Republican House Speaker Paul Ryan says the partial government shutdown is "inflicting needless uncertainty on our country" and he is blaming it all on Senate Democrats.
The U.S. government shut down at midnight after Congress failed to resolve a partisan standoff over immigration and spending. In a late-night vote, Senate Democrats blocked a bill that would have kept the government running for four weeks.
Since the shutdown began at the start of a weekend, many of the immediate effects will be muted for most Americans. But any damage could build quickly if the closure is prolonged. And it comes with no shortage of embarrassment for the president and political risk for both parties, as they wager that voters will punish the other at the ballot box in November.
Social Security and most other safety net programs are unaffected by the lapse in federal spending authority. Critical government functions will continue, with uniformed service members, health inspectors and law enforcement officers set to work without pay. But if no deal is brokered before Monday, hundreds of thousands of federal employees will be furloughed.
The White House and Capitol Hill will be working with skeleton staffs, but some government agencies, like the Environmental Protection Agency, have said they were able to shift funding around to keep most workers on the job.

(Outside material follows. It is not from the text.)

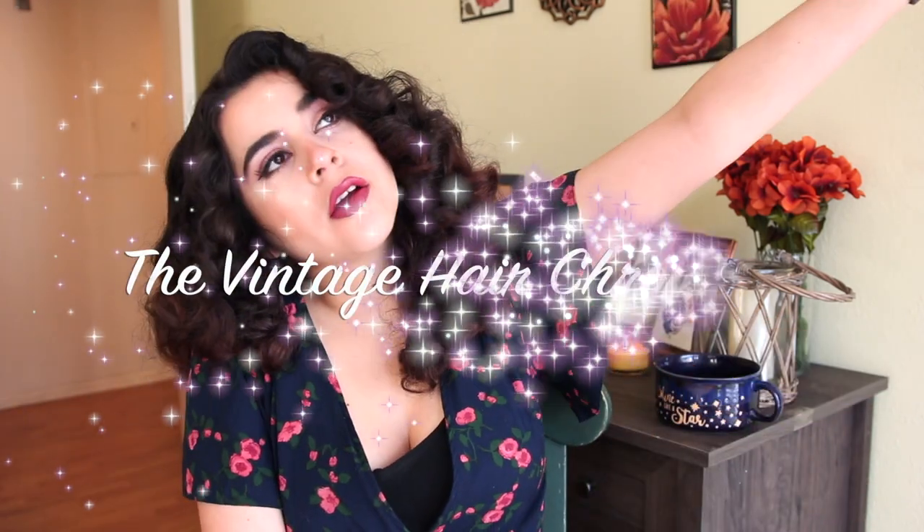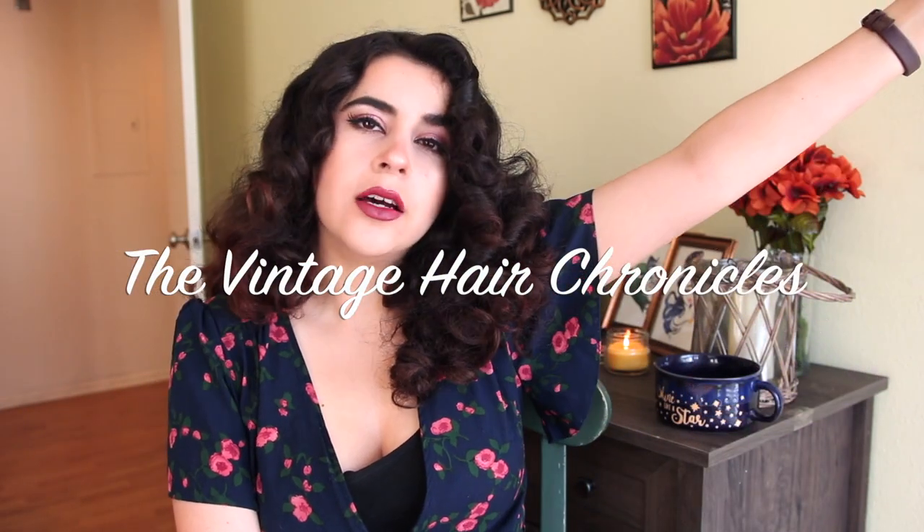Hi friends, it's Vicky, welcome back to another episode of the vintage hair chronicles — I just made that up, it should probably be a thing on here. I'm always looking for a way to do the easiest, comfiest, fluffiest vintage curls. I just wanted to do a really quick video to update you guys on how I've been setting my hair for vintage curls.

National parks and federal museums will be open, but with potentially reduced services.
After hours of closed-door meetings and phone calls, the Senate scheduled its late-night vote on a House-passed plan. It gained 50 votes to proceed to 49 against, but 60 were needed to break a Democratic filibuster. A handful of red-state Democrats crossed the aisle to support the measure, rather than take a politically risky vote. Four Republicans voted in opposition.
"Tonight, they put politics above our national security, military families, vulnerable children, and our country's ability to serve all Americans," White House press secretary Sarah Sanders said in a statement moments before midnight. "We will not negotiate the status of unlawful immigrants while Democrats hold our lawful citizens hostage over their reckless demands. This is the behavior of obstructionist losers, not legislators."
Trump and his representatives had been labeling the event the "Schumer shutdown" after Senate Minority Leader Chuck Schumer, but the New York Democrat was quick to call it "the Trump shutdown."
"It's almost as if you were rooting for a shutdown," Schumer said from the Senate floor. "And now we will have one. And the blame should crash entirely on President Trump's shoulders. This will be called the Trump shutdown. This will be called the Trump shutdown because there is no one, no one, who deserves the blame for the position we find ourselves in than President Trump."